Recently, I’ve taken on a lot of work that has me stretched between two levels of consciousness. There is the part of my life that I know pretty well and feel like I can control…and there’s the part that is completely foreign to me and in some cases, completely unknown.
I hate it.
Not the new work, of course.
I hate feeling unprepared. I hate not knowing how things will work out. So, I create little stories that help me feel prepared. They are intricate and beautiful. They have complex characters and dramatic climaxes. They are visionary enough for me to remain focused on the work at hand.
If it’s something I really care about, rarely do I create a story with a happy ending. In fact, the more dramatic the disappointment, the better. There are two reasons:
1) the fake heartbreak is meant to prepare me for a real-life disaster
2) in the past, when my heart was broken, it pushed me to be a better person
One of my spiritual gifts is said to be prophecy. It’s far from infallible. What I take that to mean is that the confidence behind my words is enough to plant a powerful seed in people. So I sometimes plant seeds that act on the stories I make up in my mind.
When you act on the stories you tell yourself, they begin to be realized.
If you act on your negative stories, you have done self-sabotage. You can’t afford to tell yourself any negative stories. Your words can invigorate or drain you. If you hope to transform your life, you can’t waste your words on the things that will sap your soul.

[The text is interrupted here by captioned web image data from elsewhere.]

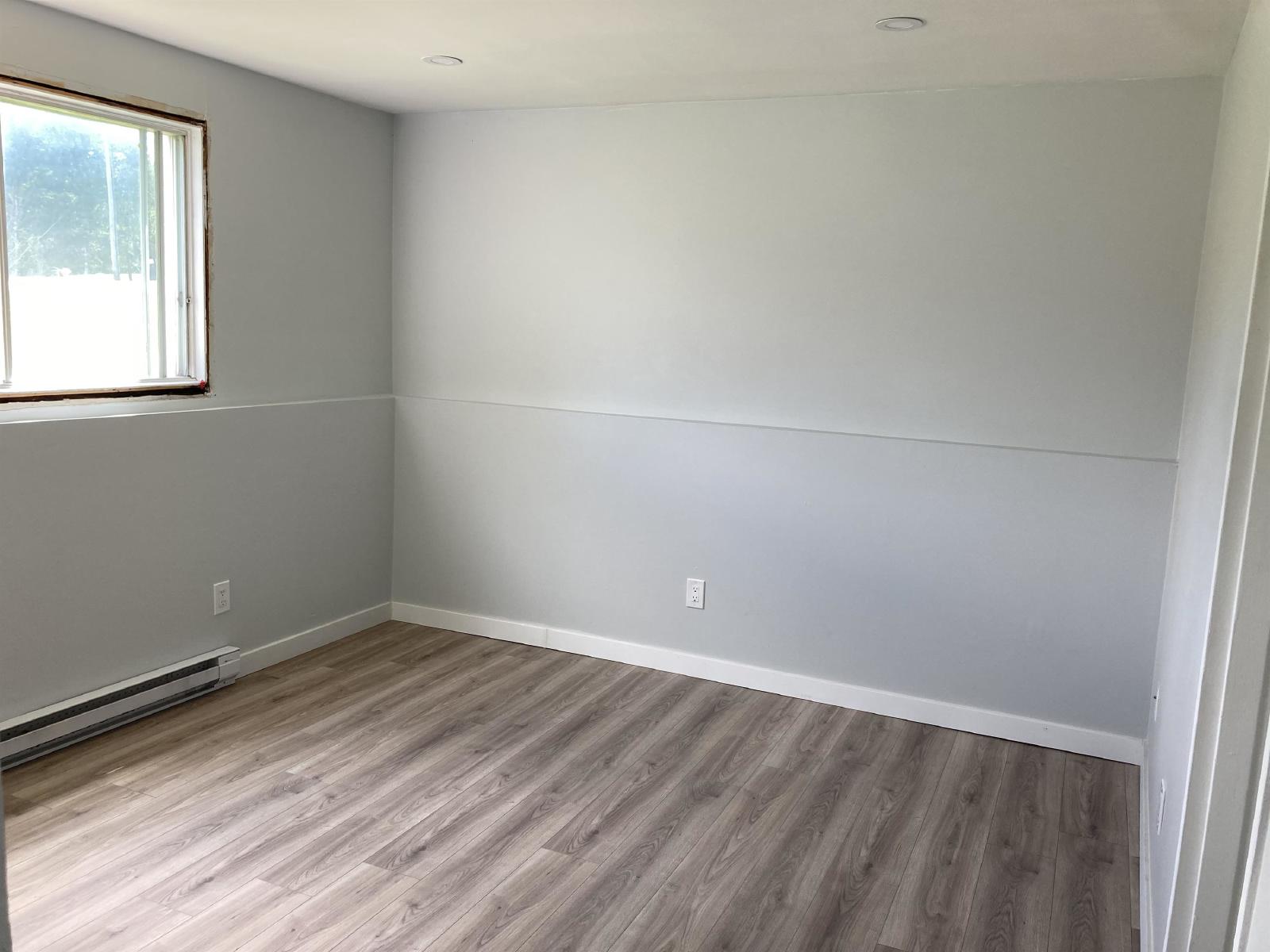 34 Nason Road - 4 property image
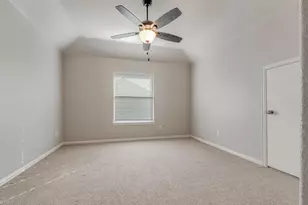 3718 Sunset Manor Ln, Katy, TX 77450 - Photo 29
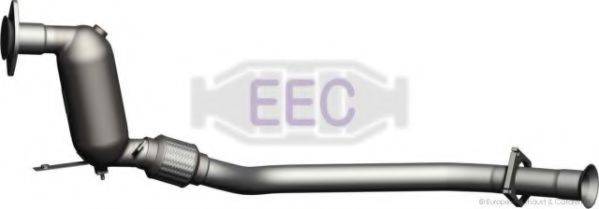 EEC BM6020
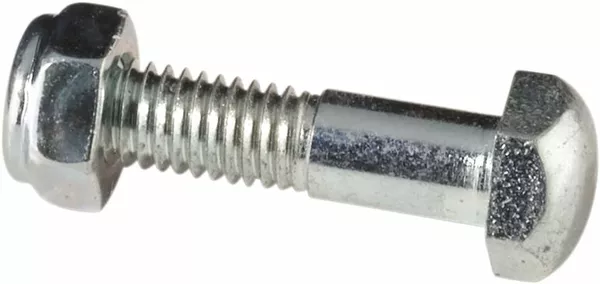 Pivot Bolt MOOSE RACING 902-001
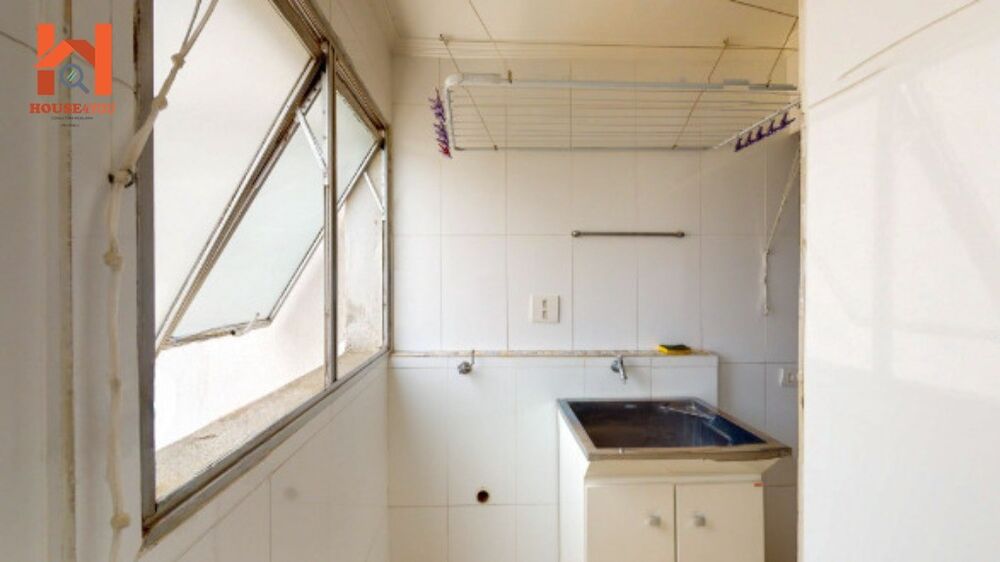 Cobertura, 2 quartos, 138 m² - Foto 9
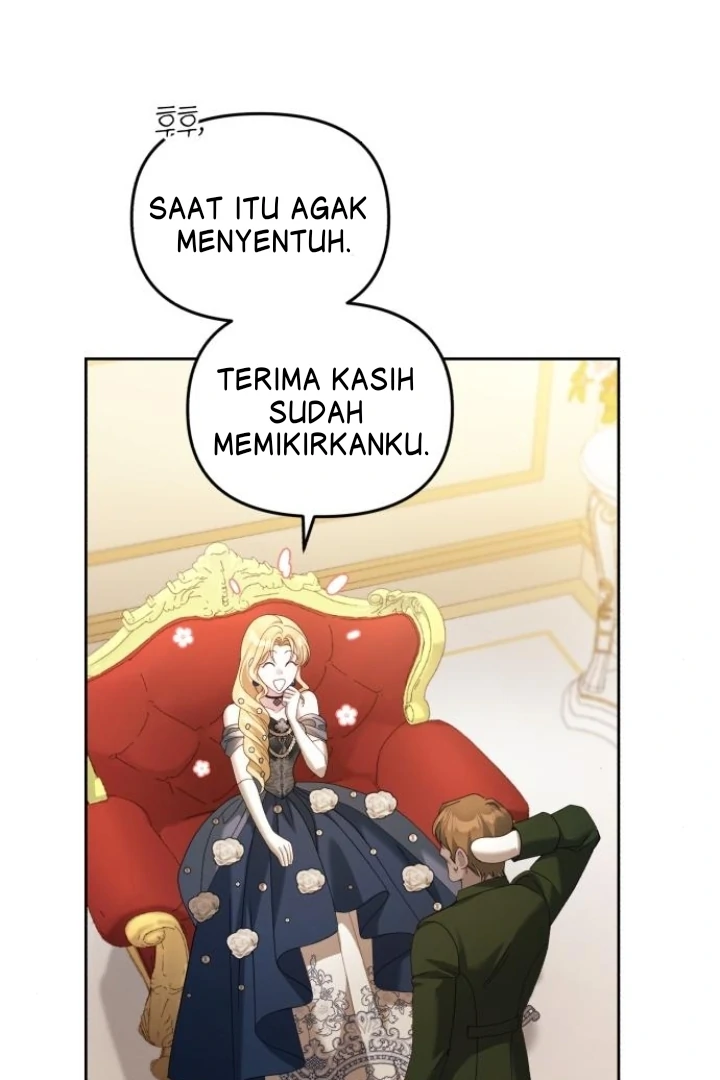 Halaman 309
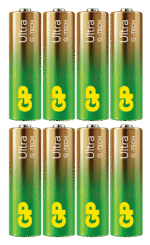 15AU-2U8-LR6-patarei-Ultra-G-TECH-GP-art-151443-5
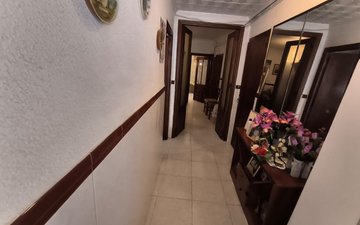 Property slide 5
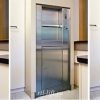 rtl-lift.ru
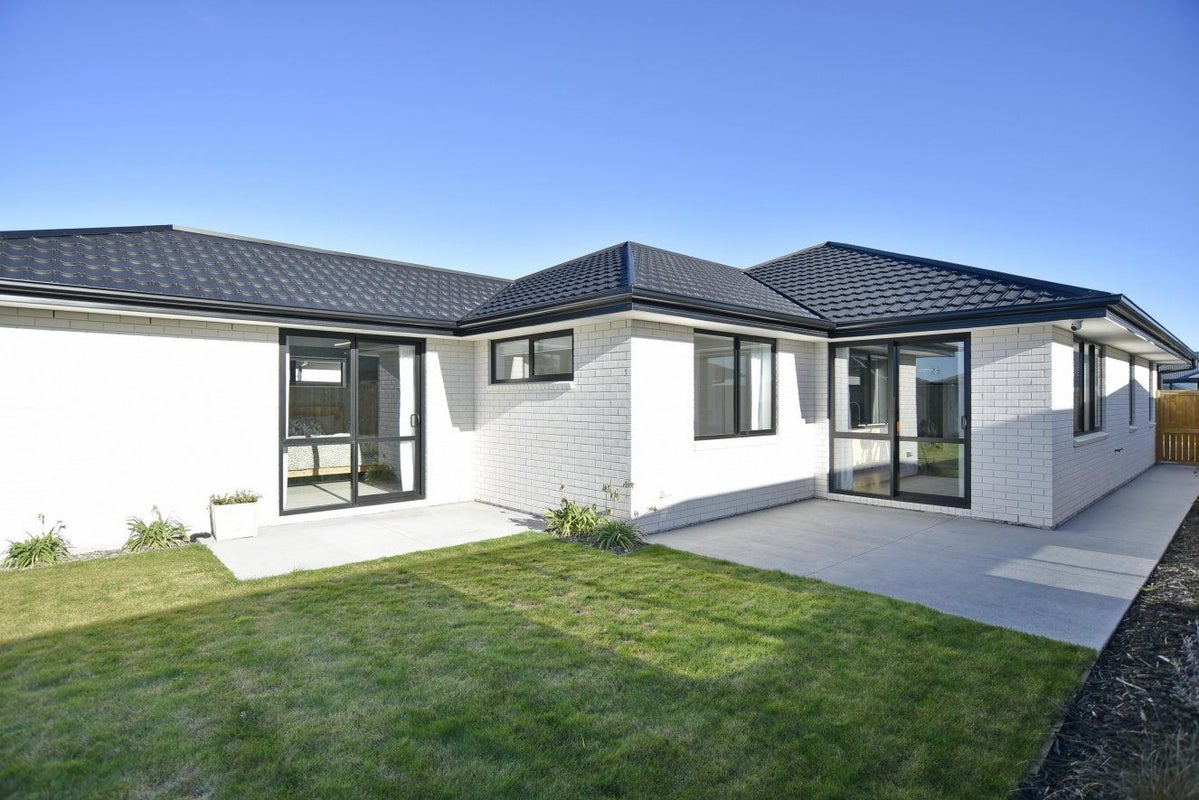 3 Woodford Avenue, Woodend, Christchurch - Carousel 2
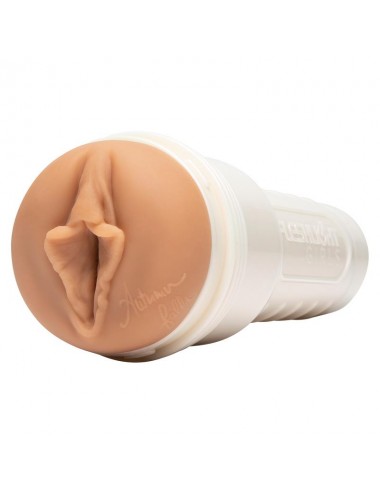 Autumn Falls Cream Vagina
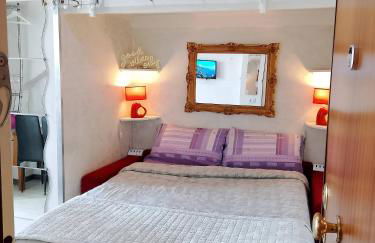 CASA Bella! B&B 2 Unità - Una con bagno privato oppure camera con bagno condiviso - Foto 16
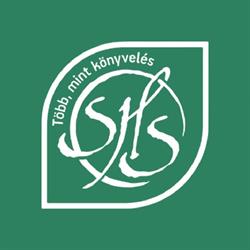 SHS Könyvelő és Adótanácsadó Kft
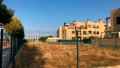 Foto5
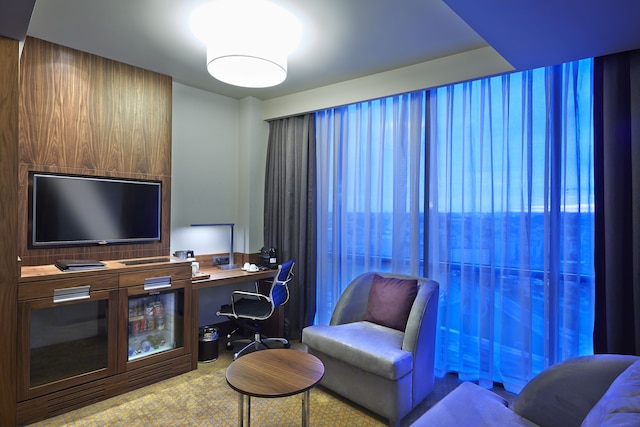 ユレイナス イスタンブール トプカピ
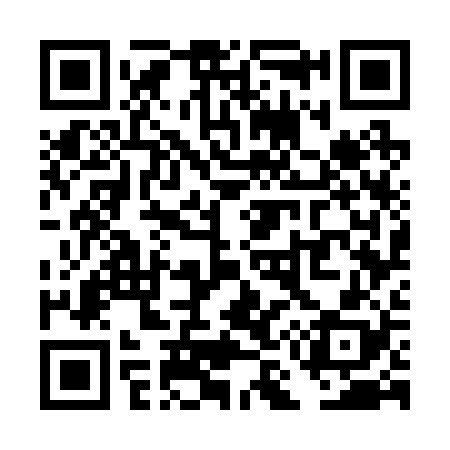 QR code for TM7228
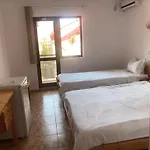 Pensiunea Casa Firu Costinesti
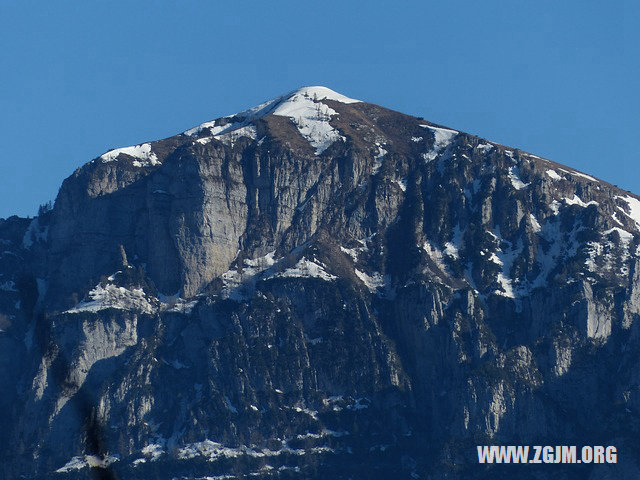 夢見擀麵杖_周公解夢夢到擀麵杖是什麼意思_做夢夢見擀麵杖好不好_周公解夢官網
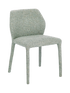 IMAGE for product variant SKU 734386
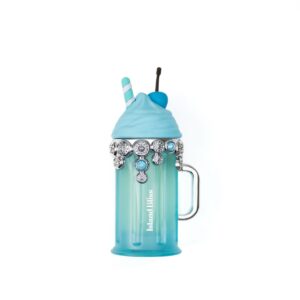Island Bliss Delights Armaf Perfume Decant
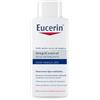 EUCERIN ATOPI OLIO DET 400ML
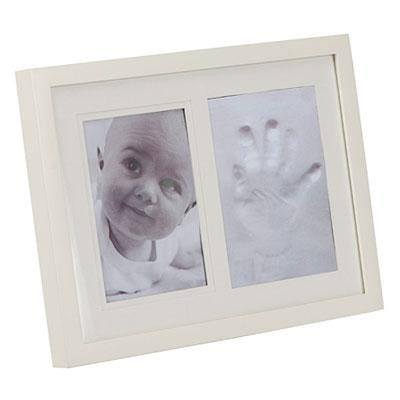 Фоторамка Balvi Я народився! Рівне - фото 1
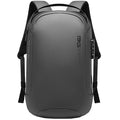 Rucsac Laptop BANGE BG7225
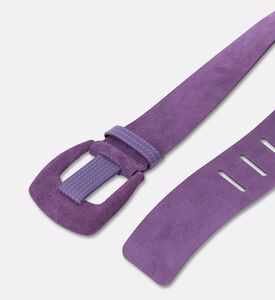 Luisa Spagnoli Belt Dacelide, Packshot View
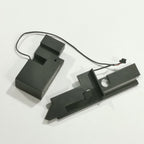 HP Compaq Presario CQ61 Lautsprecher Speaker Set Internes Lautsprecherpaar – Bild 2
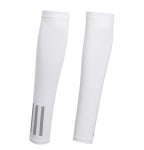 아디다스 팔토시  자외선차단 골프 등산 낚시 자전거 쿨토시 IN2698 : 한강골프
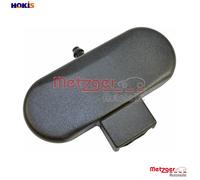 METZGER 2220803 Windscreen washer jet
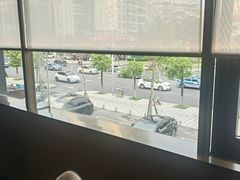 -冰火楼(梦泽园店)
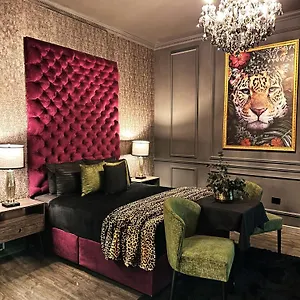 Osve Boutique , Cali Colombia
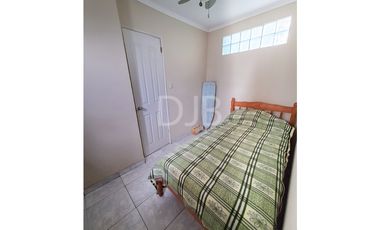VENTA DE CASA CON PISCINA EN BRISAS DEL GOLF $260,000 #528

My teenage years were filled with relational angst. I saw (and still see) the most beautiful things in my friends and colleagues, but could never see myself as their peers. I filled my diaries with long love letters to boys who had recited accidental poetry in English, or who held my hand as I walked across a puddle. But those love letters were supplemented with wistful comparisons to my fetching classmates, and the list of reasons why the two of them would be a better fit together.
I was forever match-making.
I was forever heart-broken.
It’s a habit– telling stories that don’t work in your favor. That’s called being realistic. Preparing for the worst, but saying that you hope for the best. Agreeing with everyone about “what is.”
It’s really a lie.
“What is” doesn’t have to be “what will be.”
The truth is that the stories that work in my favor are just as beautiful. Even more so, because in those stories, everyone was happy. What makes those stories so hard to tell is that I would have to trust some unknown element to work in my favor.
I have to be vulnerable.
Vulnerability is scary. It’s also the only door to my new life. And (almost) every fiber of my being wants to turn around and run back to the life I know.
I will grit my teeth and I will walk forward not having a clue about what’s next. But I will do it open-heartedly and hope for grace.
What I am breaking is my attachment to my comfortable way of thinking. What I’m breaking is my habit of playing small and closed off. What I know will break through is the life full of joy, peace and love that has been jumping up and down, waiting for me to embrace it.
If you can’t see what’s next, I encourage you to look again. What you can see is the end– and it’s good. You’ll never know what’s in the middle until you take the first step forward. Fake it until you break it.